Copies exécutoires REPUBLIQUE FRANCAISE

délivrées le : AU NOM DU PEUPLE FRANCAIS

COUR D'APPEL DE PARIS

Pôle 6 - Chambre 10

ARRET DU 05 JUIN 2025

(n° , 6 pages)

Numéro d'inscription au répertoire général : N° RG 22/05326 - N° Portalis 35L7-V-B7G-CFX5D

Décision déférée à la Cour : Jugement du 11 Avril 2022 -Conseil de Prud'hommes - Formation paritaire de CRETEIL - RG n° F21/00240

APPELANTE

Madame [M] [C]

CHEZ INSER-ASAF [Adresse 1]

[Localité 5]

Représentée par Me Marilyn GATEAU, avocat au barreau de PARIS, toque : D0555

INTIMEES

E.U.R.L. EURL DOM 03 Prise en la personne de son représentant légal domicilié en cette qualité audit siège

[Adresse 4]

[Localité 8]

S.E.L.A.R.L. JSA SELARL JSA es qualité de Mandataire Ad Hoc de la société DOM 03

[Adresse 3]

[Localité 7]

Représentée par Me Nathalie CHEVALIER, avocat au barreau de VAL-DE-MARNE, toque : PC143

Association AGS CGEA ILE DE FRANCE EST pris en la personne de son représentant légal

[Adresse 2]

[Localité 6]

Représentée par Me Jean-charles GANCIA, avocat au barreau de PARIS, toque : T07

COMPOSITION DE LA COUR :

En application des dispositions des articles 805 et 907 du code de procédure civile,

l'affaire a été débattue le 05 Mars 2025, en audience publique, les avocats ne s'y étant pas opposés, devant Madame Véronique BOST, Conseillère de la chambre, chargée du rapport

Ce magistrat a rendu compte des plaidoiries dans le délibéré de la Cour, entendu en son rapport, composée de :

Madame Gwenaelle LEDOIGT, Présidente de la chambre

Madame Carine SONNOIS, Présidente de la chambre

Madame Véronique BOST, Conseillère de la chambre

Greffier : lors des débats : Mme Sonia BERKANE

ARRET :

- contradictoire

- mis à disposition de l'arrêt au greffe de la Cour, les parties en ayant été préalablement avisées dans les conditions prévues au deuxième alinéa de l'article 450 du code de procédure civile, prorogé jusqu'à ce jour .
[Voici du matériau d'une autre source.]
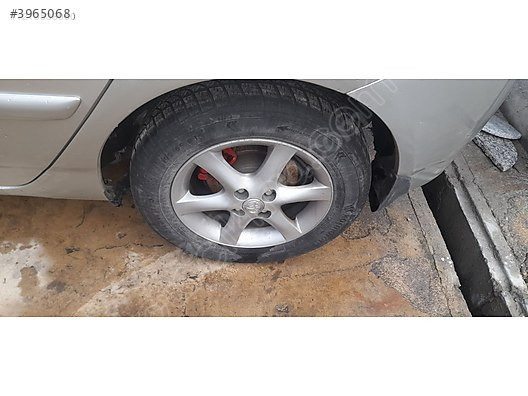 3SDM 2002 2007 COROLLA ORJ SOL CANT TAKIM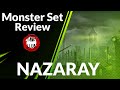 Nazaray monster set review  elder scrolls online  ascending tide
- signé par Madame Gwenaelle LEDOIGT, Présidente de la chambre et par madame Sonia BERKANE,Greffière, à laquelle la minute de la décision a été remise par le magistrat signataire.

EXPOSE DU LITIGE

Par jugement en date du 5 juillet 2017, le tribunal de commerce de Créteil a prononcé la liquidation judiciaire de la société DOM 03. La SELARL JSA a été nommée en qualité de liquidateur.

Mme [C] expose avoir été embauchée par la société DOM 03 par contrat à durée indéterminée du 24 octobre 2017 en qualité d'aide-ménagère.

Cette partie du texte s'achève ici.